Wednesday, February 8, 2012

Chronicle - Power, Adolescence and The Specular


*Review contains minor spoilers.*

If you've ever talked to me about movies for longer than five minutes, first off, I'm so sorry. That aside, you might have also noticed that I am generally not a fan of superhero movies. They are among the few subgenres that studios throw any sort of money at anymore, oftentimes since they're predicated on pre-existing franchises (comic books, generally), but mostly because it seems like the moviegoing public at large has lost interest in a protagonist who can't lift a car with his pinky or use a magic ring to kill aliens or whatever. Excluding remakes and sequels, 2011's highest-grossing film was the achingly average Thor; if it hasn't already been fiscally canonized by America, then Hollywood would like it to be ripped from the bowels of Marvel/DC, even if a 2010 to 2011 box office comparison might suggest otherwise.

Thus, my frustration with the studio system's unwillingness to take chances, coupled with my general distrust for the genre, gave me a bit of pause before I decided to see Chronicle. Sure, the reviews were strong, but so were Thor's, because critics apparently can't get enough of iPod jokes and perfunctory romances between a dull woman and a dull god. Chronicle deftly challenged my skepticism, proving itself fresh, innovative and insightful, operating around a clear-headed evaluation of the teenage social structure its found footage format is entangled in.

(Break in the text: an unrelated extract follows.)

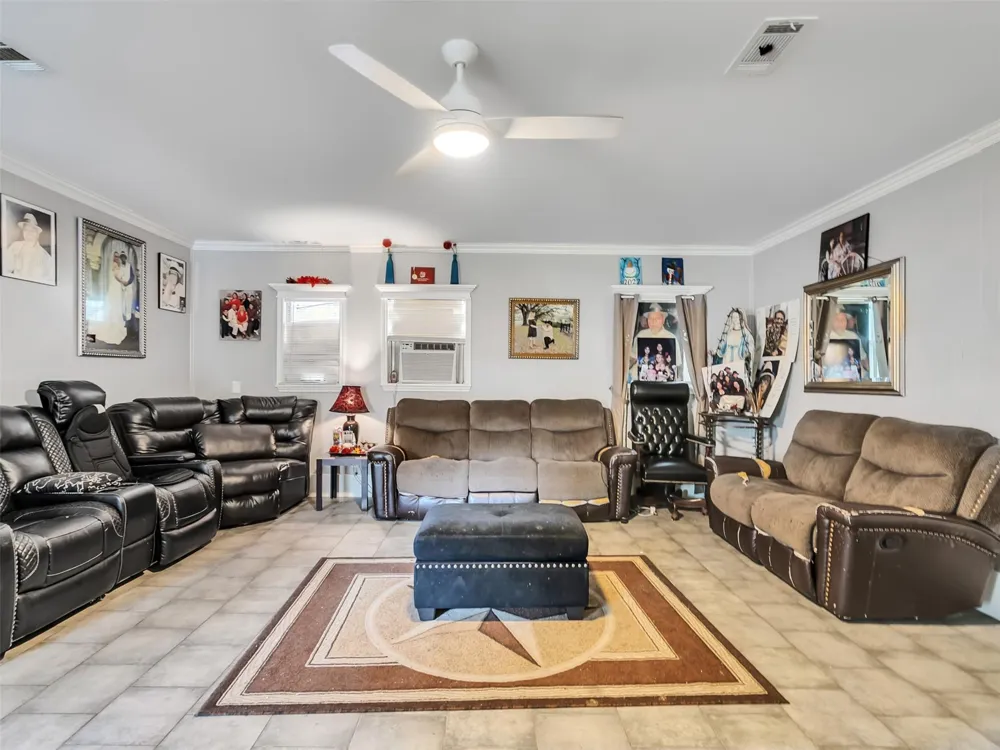 815 Avenue G South Houston, TX 77587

As a pure action movie, Chronicle is sporadically successful. It has a handful of memorable setpieces, like a joyous football game in the clouds and the film's climactic brawl. Despite looking fairly polished on a shoestring action movie budget (though calling 12 million dollars "shoestring" puts a pit in my stomach every single time), the special effects are unfortunately obtrusive. The queasy weightlessness and CGI sheen of the objects that the trio manipulate break immersion regularly, and this movie will probably be discounted at large as digital technology evolves even further. Action as a genre ages extremely hard - just try watching the original X-men, a decade after its release - and found footage even more so. Who has a kind word for The Blair Witch Project anymore? Chronicle's strengths, which are mostly removed from its direct visual depictions of the "superpowers," seem destined to fall by the wayside.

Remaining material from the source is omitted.